Assuming the 90 days horizon Apollo Medical Holdings is expected to under-perform the Pearson Plc. In addition to that, Apollo Medical is 1.81 times more volatile than Pearson plc. It trades about -0.19 of its total potential returns per unit of risk. Pearson plc is currently generating about 0.32 per unit of volatility. If you would invest  1,429  in Pearson plc on September 16, 2024 and sell it today you would earn a total of  109.00  from holding Pearson plc or generate 7.63% return on investment over 90 days.
Time Period3 Months [change]
DirectionMoves Together 
StrengthSignificant
Accuracy100.0%
ValuesDaily Returns

Apollo Medical Holdings  vs.  Pearson plc

 Performance 
       Timeline  
Apollo Medical Holdings 

Risk-Adjusted Performance

0 of 100

 
Weak
 
Strong
Very Weak
Over the last 90 days Apollo Medical Holdings has generated negative risk-adjusted returns adding no value to investors with long positions. Despite nearly stable basic indicators, Apollo Medical is not utilizing all of its potentials. The newest stock price disturbance, may contribute to mid-run losses for the stockholders.
Pearson plc 

Risk-Adjusted Performance

18 of 100

 
Weak
 
Strong
Solid
Compared to the overall equity markets, risk-adjusted returns on investments in Pearson plc are ranked lower than 18 (%) of all global equities and portfolios over the last 90 days. Despite nearly unsteady basic indicators, Pearson Plc reported solid returns over the last few months and may actually be approaching a breakup point.

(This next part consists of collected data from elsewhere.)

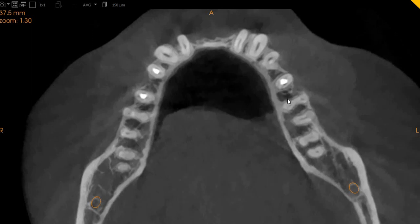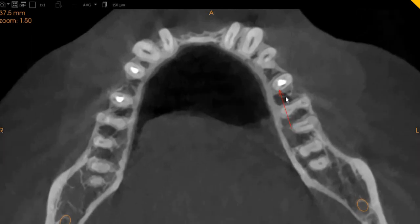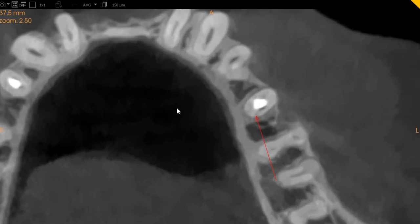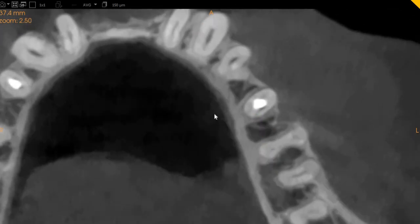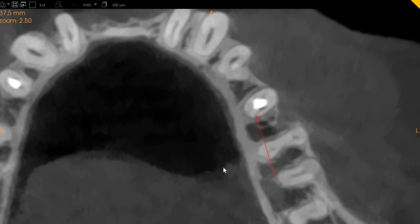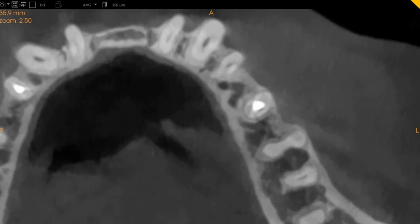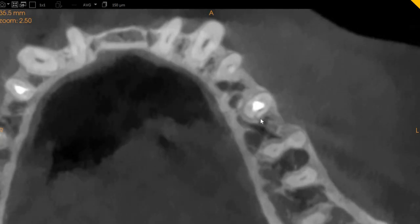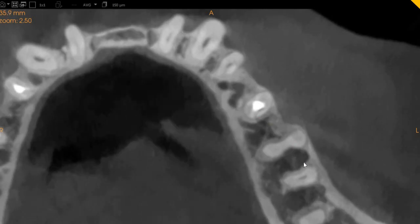Moving on to the axial portion, you can see this is the same line we were discussing. I'm going to zoom in for the doctor — there is definitely a line here extending in the distal aspect. This also leads to a slight radiolucency or PDL widening on the distal. As we move further down, this line continues to be present. Because of the aggressive nature of the endodontic treatment, this tooth may have a vertical tooth fracture.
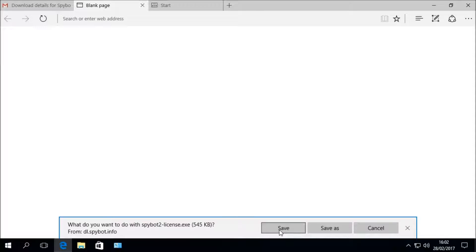If you are unable to download the file due to a message from Microsoft Edge's SmartScreen filter, you can temporarily disable it to allow the download. To do this, click on the three dots under the X in the top right corner of Microsoft Edge, then go to Settings. Scroll down to View Advanced Settings, then scroll down to where it says Help protect my PC from malicious sites and downloads with SmartScreen Filter, and disable it. Then try to download the file again.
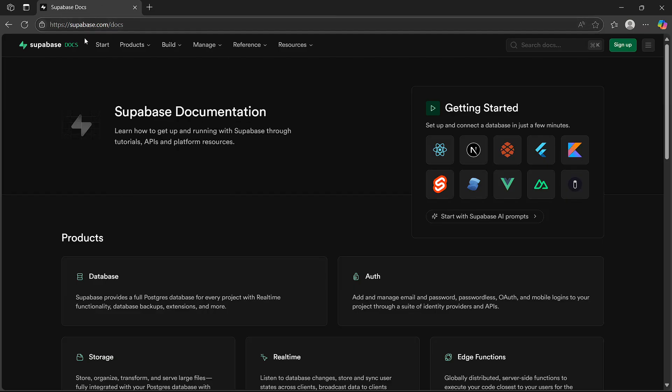Just search for supabase.com and you will be led here. Now go to the Supabase documentation, then look for the CLI installation guide.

Apollo Medical and Pearson Plc Volatility Contrast

   Predicted Return Density   
       Returns  

Pair Trading with Apollo Medical and Pearson Plc

The main advantage of trading using opposite Apollo Medical and Pearson Plc positions is that it hedges away some unsystematic risk. Because of two separate transactions, even if Apollo Medical position performs unexpectedly, Pearson Plc can make up some of the losses. Pair trading also minimizes risk from directional movements in the market. For example, if an entire industry or sector drops because of unexpected headlines, the short position in Pearson Plc will offset losses from the drop in Pearson Plc's long position.
The idea behind Apollo Medical Holdings and Pearson plc pairs trading is to make the combined position market-neutral, meaning the overall market's direction will not affect its win or loss (or potential downside or upside). This can be achieved by designing a pairs trade with two highly correlated stocks or equities that operate in a similar space or sector, making it possible to obtain profits through simple and relatively low-risk investment.
Check out your portfolio center.
Note that this page's information should be used as a complementary analysis to find the right mix of equity instruments to add to your existing portfolios or create a brand new portfolio. You can also try the CEOs Directory module to screen CEOs from public companies around the world.